There is no more surprise to be found at the sight of Derrick Rose leaving for the locker room, rather a familiar, gloomy exasperation that has hung over an organization for essentially all of its recent history. So it felt oddly normal as Rose limped into the tunnel in the fourth quarter of Chicago’s 106–101 loss to Milwaukee on Tuesday night. The uncertainty, then, lay in a third consecutive vexing loss in a season full of them.

The Bulls called Rose’s injury patellar tendinitis of his left knee, and he was initially questionable to return after leaving the game in the third quarter. His eventual reappearance in the fourth lasted hardly more than two inauspicious minutes. It’s fair to ask why he of all the star-crossed stars even re-entered the game, but on the positive side, there was no visual red flag accompanying this injury.

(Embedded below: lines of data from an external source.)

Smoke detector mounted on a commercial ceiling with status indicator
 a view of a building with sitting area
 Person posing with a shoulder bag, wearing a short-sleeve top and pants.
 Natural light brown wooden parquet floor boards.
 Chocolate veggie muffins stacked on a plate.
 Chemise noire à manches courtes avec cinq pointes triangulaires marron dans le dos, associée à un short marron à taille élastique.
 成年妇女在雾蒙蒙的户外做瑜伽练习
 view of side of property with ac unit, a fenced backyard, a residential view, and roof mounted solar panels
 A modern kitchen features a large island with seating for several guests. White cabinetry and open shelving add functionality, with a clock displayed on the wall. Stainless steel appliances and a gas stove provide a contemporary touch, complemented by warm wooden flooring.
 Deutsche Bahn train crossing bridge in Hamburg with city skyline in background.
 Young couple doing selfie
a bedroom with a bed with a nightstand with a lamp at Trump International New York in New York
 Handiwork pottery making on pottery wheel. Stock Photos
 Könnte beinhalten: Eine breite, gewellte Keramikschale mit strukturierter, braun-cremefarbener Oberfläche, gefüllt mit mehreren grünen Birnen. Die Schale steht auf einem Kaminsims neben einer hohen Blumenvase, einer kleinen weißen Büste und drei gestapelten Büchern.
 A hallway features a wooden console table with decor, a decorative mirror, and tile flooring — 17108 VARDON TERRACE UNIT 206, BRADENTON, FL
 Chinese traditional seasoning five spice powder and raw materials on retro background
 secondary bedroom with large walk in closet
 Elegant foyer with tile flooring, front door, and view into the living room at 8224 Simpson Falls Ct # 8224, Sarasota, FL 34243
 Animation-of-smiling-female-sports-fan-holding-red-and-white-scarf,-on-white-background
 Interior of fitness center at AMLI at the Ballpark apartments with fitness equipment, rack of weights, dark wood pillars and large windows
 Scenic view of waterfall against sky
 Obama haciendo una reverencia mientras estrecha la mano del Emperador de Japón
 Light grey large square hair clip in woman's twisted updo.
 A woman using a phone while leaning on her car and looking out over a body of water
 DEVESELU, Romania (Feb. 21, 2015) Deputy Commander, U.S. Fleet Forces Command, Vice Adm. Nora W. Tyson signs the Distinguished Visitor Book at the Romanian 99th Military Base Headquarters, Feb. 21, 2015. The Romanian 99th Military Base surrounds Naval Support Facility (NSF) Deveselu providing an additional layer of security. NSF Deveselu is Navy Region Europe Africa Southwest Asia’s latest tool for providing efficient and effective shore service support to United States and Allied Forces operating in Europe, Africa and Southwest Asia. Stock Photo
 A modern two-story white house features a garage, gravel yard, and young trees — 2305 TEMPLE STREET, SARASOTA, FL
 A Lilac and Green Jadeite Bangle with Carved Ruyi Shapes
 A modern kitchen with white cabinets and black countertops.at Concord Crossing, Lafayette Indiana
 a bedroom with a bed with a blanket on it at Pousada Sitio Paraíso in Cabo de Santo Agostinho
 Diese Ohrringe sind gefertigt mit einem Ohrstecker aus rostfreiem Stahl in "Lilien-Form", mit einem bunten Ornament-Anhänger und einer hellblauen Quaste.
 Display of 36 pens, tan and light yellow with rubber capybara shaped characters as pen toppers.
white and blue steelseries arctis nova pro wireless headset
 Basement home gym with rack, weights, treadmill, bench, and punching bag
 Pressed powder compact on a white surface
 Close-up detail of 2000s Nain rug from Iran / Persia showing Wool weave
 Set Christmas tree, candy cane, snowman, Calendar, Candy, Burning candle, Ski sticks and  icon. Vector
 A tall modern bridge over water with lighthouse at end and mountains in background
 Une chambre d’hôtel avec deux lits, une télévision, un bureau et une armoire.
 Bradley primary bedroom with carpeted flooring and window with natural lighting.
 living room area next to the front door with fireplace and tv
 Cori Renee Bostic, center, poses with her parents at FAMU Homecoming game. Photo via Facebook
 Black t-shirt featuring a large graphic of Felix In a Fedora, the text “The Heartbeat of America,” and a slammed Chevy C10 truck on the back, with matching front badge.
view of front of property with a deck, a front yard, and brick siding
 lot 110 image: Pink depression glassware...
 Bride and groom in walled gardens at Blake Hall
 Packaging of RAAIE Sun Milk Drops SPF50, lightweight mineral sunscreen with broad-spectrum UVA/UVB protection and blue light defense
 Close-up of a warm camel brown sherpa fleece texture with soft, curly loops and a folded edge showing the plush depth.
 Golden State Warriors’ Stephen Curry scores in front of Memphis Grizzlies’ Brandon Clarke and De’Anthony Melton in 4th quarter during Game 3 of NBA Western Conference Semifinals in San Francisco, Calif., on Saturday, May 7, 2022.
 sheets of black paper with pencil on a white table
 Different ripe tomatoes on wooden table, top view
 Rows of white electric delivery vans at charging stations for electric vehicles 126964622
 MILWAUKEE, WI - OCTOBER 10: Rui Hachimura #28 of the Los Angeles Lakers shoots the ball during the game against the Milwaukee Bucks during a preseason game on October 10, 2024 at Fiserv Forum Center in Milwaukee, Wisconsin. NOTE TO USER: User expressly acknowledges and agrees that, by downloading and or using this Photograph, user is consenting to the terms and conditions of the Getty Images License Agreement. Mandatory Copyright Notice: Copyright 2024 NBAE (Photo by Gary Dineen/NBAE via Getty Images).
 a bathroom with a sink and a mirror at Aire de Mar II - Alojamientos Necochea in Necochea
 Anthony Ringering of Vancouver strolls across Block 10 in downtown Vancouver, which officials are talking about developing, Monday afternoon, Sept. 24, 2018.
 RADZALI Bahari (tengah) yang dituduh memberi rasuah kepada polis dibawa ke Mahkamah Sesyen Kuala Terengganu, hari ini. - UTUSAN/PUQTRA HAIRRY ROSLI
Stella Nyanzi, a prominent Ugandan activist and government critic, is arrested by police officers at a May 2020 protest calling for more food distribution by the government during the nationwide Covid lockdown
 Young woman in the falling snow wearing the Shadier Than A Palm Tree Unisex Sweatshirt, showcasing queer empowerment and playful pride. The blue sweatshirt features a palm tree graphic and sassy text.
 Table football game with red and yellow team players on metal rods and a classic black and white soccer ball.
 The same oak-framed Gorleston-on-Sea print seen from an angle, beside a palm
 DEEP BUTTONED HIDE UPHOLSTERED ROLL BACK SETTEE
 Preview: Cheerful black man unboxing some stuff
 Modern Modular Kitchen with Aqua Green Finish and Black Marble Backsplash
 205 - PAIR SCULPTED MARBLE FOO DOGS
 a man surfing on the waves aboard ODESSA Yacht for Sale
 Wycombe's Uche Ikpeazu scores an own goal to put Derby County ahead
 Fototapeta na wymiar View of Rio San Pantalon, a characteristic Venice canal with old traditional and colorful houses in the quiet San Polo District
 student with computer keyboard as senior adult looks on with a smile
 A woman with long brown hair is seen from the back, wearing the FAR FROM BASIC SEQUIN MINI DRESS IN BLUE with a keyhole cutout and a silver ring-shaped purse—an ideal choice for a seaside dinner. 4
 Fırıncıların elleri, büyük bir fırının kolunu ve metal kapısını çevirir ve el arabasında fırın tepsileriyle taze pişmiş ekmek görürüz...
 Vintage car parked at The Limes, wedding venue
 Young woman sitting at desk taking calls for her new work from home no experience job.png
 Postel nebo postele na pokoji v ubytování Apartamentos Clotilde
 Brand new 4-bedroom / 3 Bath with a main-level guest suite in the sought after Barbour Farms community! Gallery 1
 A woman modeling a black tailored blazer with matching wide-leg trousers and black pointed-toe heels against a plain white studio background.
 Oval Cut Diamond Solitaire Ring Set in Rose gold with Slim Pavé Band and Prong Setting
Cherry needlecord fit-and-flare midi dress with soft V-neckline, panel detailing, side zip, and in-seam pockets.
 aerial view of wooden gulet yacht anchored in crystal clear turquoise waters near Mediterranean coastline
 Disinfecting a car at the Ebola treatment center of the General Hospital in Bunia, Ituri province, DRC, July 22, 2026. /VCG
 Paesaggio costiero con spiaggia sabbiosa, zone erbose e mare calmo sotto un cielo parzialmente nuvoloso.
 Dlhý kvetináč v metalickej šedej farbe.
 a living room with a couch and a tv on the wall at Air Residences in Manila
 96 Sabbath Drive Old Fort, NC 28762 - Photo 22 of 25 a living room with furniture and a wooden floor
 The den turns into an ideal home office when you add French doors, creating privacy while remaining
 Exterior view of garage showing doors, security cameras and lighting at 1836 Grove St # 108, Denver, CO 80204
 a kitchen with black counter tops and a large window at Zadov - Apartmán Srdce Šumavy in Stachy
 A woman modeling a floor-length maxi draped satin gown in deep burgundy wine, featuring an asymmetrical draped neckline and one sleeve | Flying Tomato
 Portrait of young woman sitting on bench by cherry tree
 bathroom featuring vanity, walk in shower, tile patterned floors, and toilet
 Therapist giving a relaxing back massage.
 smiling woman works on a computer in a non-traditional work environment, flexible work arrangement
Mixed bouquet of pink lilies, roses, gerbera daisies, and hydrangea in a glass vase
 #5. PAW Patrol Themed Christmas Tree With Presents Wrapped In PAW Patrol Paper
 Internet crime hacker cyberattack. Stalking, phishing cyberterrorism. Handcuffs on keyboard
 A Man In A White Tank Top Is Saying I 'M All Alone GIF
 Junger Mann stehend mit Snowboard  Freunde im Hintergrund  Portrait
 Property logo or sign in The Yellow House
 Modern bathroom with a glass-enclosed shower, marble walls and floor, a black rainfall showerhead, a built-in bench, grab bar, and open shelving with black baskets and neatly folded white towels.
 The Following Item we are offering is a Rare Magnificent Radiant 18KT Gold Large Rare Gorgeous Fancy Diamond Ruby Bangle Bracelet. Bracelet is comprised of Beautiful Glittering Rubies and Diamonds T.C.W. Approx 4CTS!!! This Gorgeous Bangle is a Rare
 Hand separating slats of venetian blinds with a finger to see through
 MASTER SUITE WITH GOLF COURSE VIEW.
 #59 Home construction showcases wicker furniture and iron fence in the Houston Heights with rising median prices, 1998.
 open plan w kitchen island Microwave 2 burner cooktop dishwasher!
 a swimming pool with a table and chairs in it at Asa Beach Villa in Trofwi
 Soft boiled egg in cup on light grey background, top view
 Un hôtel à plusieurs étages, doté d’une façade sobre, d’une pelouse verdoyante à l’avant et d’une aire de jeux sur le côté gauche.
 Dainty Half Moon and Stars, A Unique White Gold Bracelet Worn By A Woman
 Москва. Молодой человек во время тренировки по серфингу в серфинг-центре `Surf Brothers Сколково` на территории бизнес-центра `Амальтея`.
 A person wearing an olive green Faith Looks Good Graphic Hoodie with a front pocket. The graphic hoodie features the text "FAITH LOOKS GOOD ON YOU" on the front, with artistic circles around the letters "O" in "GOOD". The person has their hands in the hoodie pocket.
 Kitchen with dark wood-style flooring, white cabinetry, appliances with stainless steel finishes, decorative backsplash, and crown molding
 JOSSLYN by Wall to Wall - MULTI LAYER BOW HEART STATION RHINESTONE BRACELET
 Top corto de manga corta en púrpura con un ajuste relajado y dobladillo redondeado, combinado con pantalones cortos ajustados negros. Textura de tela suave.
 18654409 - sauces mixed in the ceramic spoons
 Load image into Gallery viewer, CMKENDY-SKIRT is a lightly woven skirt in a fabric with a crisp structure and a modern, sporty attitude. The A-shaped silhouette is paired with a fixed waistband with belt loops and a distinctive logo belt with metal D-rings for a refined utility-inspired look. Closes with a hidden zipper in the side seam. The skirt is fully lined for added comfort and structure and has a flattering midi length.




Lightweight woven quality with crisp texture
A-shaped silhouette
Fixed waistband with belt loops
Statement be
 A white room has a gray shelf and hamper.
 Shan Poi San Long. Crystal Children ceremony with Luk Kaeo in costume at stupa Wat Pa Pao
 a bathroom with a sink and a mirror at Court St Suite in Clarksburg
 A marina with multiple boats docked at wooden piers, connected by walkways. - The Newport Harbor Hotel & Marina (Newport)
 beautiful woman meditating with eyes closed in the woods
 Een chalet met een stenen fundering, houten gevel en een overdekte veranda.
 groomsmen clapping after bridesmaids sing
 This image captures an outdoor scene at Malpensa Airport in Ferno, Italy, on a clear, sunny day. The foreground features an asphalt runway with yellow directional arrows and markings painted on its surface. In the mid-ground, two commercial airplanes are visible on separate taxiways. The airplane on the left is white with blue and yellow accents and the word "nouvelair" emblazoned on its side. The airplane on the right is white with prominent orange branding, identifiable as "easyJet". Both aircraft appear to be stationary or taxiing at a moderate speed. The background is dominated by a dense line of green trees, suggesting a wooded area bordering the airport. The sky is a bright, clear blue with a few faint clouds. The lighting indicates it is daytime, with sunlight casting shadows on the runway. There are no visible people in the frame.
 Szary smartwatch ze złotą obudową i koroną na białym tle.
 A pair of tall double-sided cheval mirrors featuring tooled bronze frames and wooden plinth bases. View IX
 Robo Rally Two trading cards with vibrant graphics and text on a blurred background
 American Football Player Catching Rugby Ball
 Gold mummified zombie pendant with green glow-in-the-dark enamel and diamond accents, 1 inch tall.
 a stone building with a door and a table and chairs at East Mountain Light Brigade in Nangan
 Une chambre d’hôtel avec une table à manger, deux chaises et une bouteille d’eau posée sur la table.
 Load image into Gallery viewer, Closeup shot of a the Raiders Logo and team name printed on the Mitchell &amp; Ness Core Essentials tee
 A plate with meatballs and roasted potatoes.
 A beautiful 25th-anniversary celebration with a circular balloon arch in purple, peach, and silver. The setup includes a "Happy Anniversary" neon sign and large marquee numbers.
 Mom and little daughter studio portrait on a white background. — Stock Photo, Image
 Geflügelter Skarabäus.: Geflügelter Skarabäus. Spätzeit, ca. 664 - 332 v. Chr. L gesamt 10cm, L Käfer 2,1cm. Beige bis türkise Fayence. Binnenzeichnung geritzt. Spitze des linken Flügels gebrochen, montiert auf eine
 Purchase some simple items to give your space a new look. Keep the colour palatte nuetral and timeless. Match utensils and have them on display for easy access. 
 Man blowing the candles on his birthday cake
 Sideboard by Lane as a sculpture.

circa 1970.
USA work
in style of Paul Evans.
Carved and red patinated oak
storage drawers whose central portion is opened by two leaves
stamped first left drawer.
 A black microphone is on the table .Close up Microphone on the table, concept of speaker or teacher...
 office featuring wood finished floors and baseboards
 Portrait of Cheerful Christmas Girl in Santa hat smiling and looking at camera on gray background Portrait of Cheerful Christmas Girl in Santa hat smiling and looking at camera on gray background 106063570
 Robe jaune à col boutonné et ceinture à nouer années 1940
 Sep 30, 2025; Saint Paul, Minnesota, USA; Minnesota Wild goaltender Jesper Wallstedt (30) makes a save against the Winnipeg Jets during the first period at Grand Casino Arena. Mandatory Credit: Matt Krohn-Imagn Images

As K.C. Johnson of the Chicago Tribune pointed out, this was Rose’s first in-season issue with the left knee (in which he tore his ACL in April 2012) since January 2015. Rose was unconcerned as he addressed reporters postgame — again, nothing new — and said he hoped to play in Chicago’s next game Thursday. But a new wrinkle lay in that the state of the ex-MVP’s fragile legs was simply one part of the problem.

Derrick Rose says he wants to remain with Bulls for entire career

The loss dropped the Bulls to 22–15. They remain in firm playoff position. But there’s a certain vibe about this team and its inconsistencies that continues to leave a strange taste. Jimmy Butler calling out coach Fred Hoiberg nearly a month ago beget an eventual six-game win streak and their best ball of the season, which beget a brand-new skid. And from Saturday’s 15-point dud in Atlanta, to the loss Monday in Washington that had players bemoaning their own effort to Tuesday’s 17 turnovers against the middling Bucks, it’s been difficult to peg just what ails them. The Bulls went the final three minutes and 58 seconds without a made field goal in this one, until Pau Gasol’s meaningless three went in at the buzzer.

Chicago hits the midpoint of its season next week, and will likely hit that 41-game mark still without a firm sense of self. Their rotation remains crowded. Rookie forward Bobby Portis, who galvanized the team throughout that win streak with high intensity off the bench has logged a total of 24 minutes in the three losses. Joakim Noah has played 34 minutes in two games since returning from a shoulder issue that caused him to miss nine games — and he’s shot just 1–10, scoring three points. The Bulls now feature Nikola Mirotic at small forward, a position that exposes him defensively, and Hoiberg continues to yo-yo still-promising Tony Snell and Doug McDermott in reserve wing minutes.

If the cup is half-full, Chicago is still a potent team with 45 games to figure it out, and can get out all its frustration against lowly Philadelphia on Thursday. If it’s half-empty, there’s a newly-banged up Rose, a defense that’s allowed 340 points in three games, and a schedule set to intensify beginning Monday in Detroit, which kicks off a stretch of 11 of 14 road games. But regardless, much like their star point guard’s health, each setback grows wholly less surprising.